A NitroEnclaveDeployment goes to an ERROR or a SCHEDULED status after it is created, depending upon whether the controller was able to successfully schedule a Deployment for it. This information is updated in the STATUS field of the NitroEnclaveDeployment.

The enclave pods take some time to be ready as it has to pull the container images and boot them up. The READY field of the NitroEnclaveDeployment provides this information about its replicas.

Whilst the enclave pods are running, the orchestrator inside the enclaves can restart containers to handle some faults.

Enclave Pod Lifetime

Pods are considered to be ephemeral entities. They are designed to be temporary and can be created and destroyed as needed. This ephemeral nature is particularly important for Nitro Enclaves, which are designed to provide secure and isolated environments for sensitive workloads.

Key Points:

  • Ephemeral Nature: Enclave pods are not meant to be long-lived. They are created when a NitroEnclaveDeployment is created and deleted once the parent NitroEnclaveDeployment is deleted.
  • Rescheduling: Enclave pods, like normal pods, can be rescheduled to different nodes if the original node fails or becomes unavailable. However, these pods have the additional capability of bringing up Nitro Enclaves on their host nodes.
  • Fault Handling: The orchestrator inside the enclaves can restart containers to handle some faults. This ensures that the services running inside the enclave remain available and functional.
  • Lifecycle Management: The lifecycle of the enclave pods is managed by the Kubernetes controller. The controller schedules the pods to nodes that support enclaves and have the AWS Nitro Enclaves device plugin installed.

Nitro Enclave Bootup

When a Nitro Enclave is created, the lifecycle is managed by the enclave pod, which is scheduled by the Kubernetes controller to nodes that support enclaves and have the AWS Nitro Enclaves device plugin installed.

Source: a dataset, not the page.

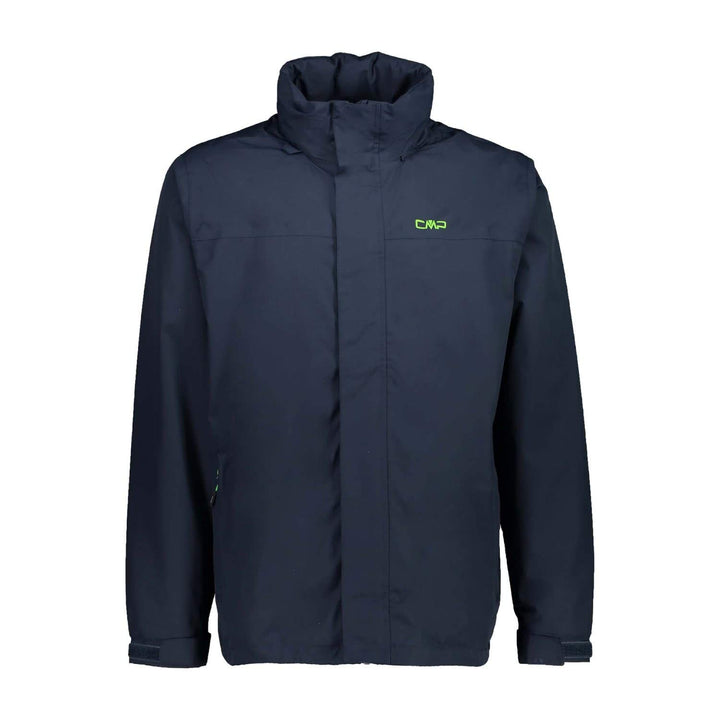 CMP Herren Regenjacke 46 Schwarz Blau, 46 Schwarz Blau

Once the Nitro Enclave is ready with the base services running, the manifest sync process begins. The manifest, which is derived from the NitroEnclaveDeployment spec and includes all the information required for the enclave to spin up the user containers or plugins, is now mounted to the pod. Services inside the pod then sync this manifest to the enclave.

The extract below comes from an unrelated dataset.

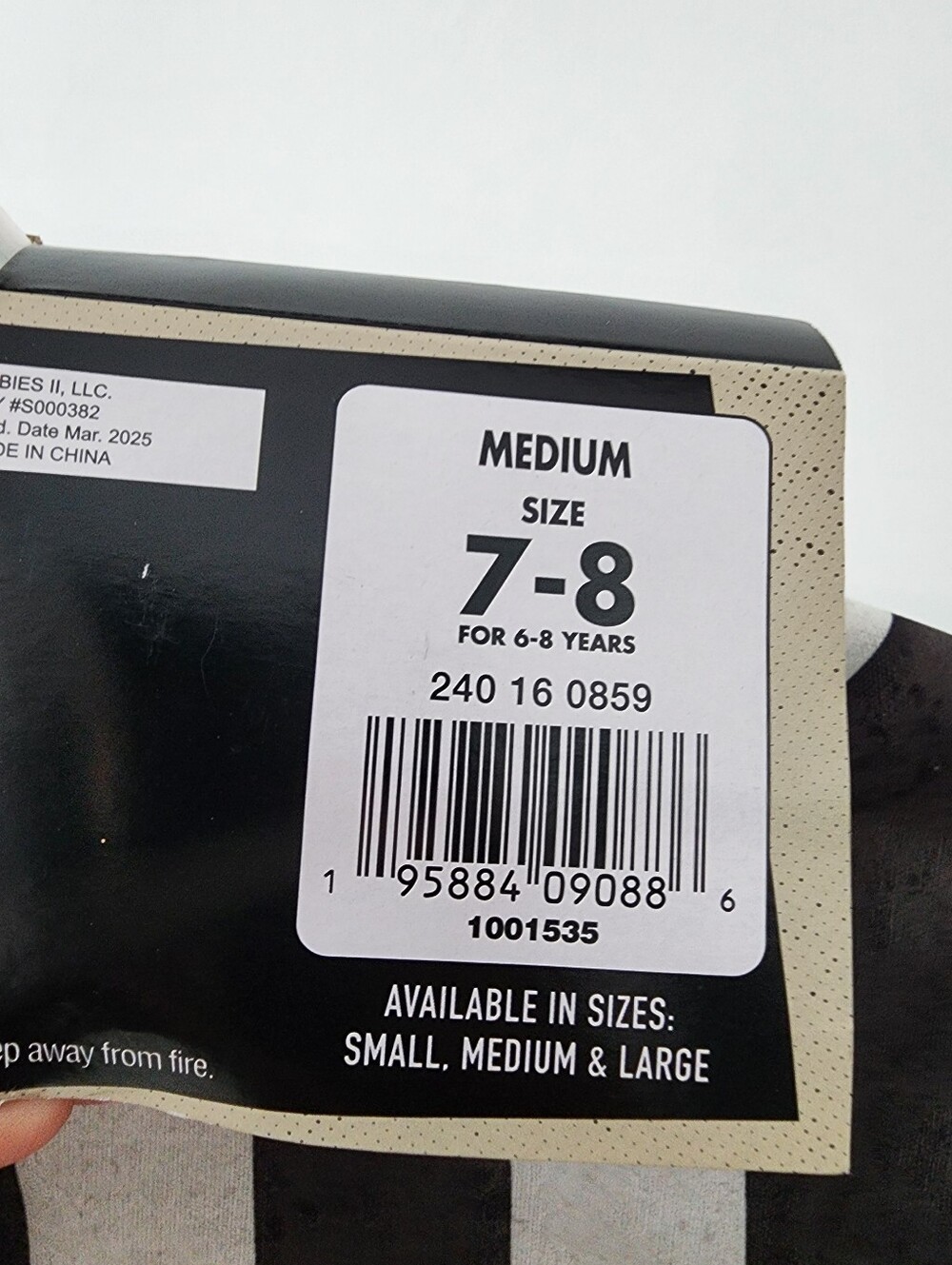 Rubies Beetlejuice Child Costume Size Medium 7-8 Target Exclusive NWT - Picture 6 of 16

The kubelet running inside the enclave then uses this manifest to spin up all the services as per the specifications. This includes both the base services and the user-defined containers or plugins.

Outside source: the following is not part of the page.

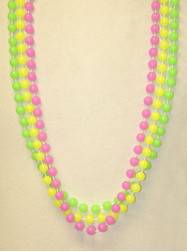 42" 12MM Glow In The Dark Mardi Gras Beads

Handling Problems with the NitroEnclaveDeployment

Container failures within Enclaves are managed using a restartPolicy defined for user containers or plugins in the NitroEnclaveDeployment resource. This is done by the orchestrator within the enclave.

If the Nitro Enclave becomes unhealthy, it is taken out of the list of healthy pods, and no traffic is routed to it until it becomes healthy again.

Investigating Nitro Enclave Errors

To investigate the root cause of a Nitro Enclave error, a user can:

  1. Inspect Events: Use kubectl describe ned <name-of-nitro-enclave-deployment> to see events for the NitroEnclaveDeployment, which can provide hints about configuration or runtime issues.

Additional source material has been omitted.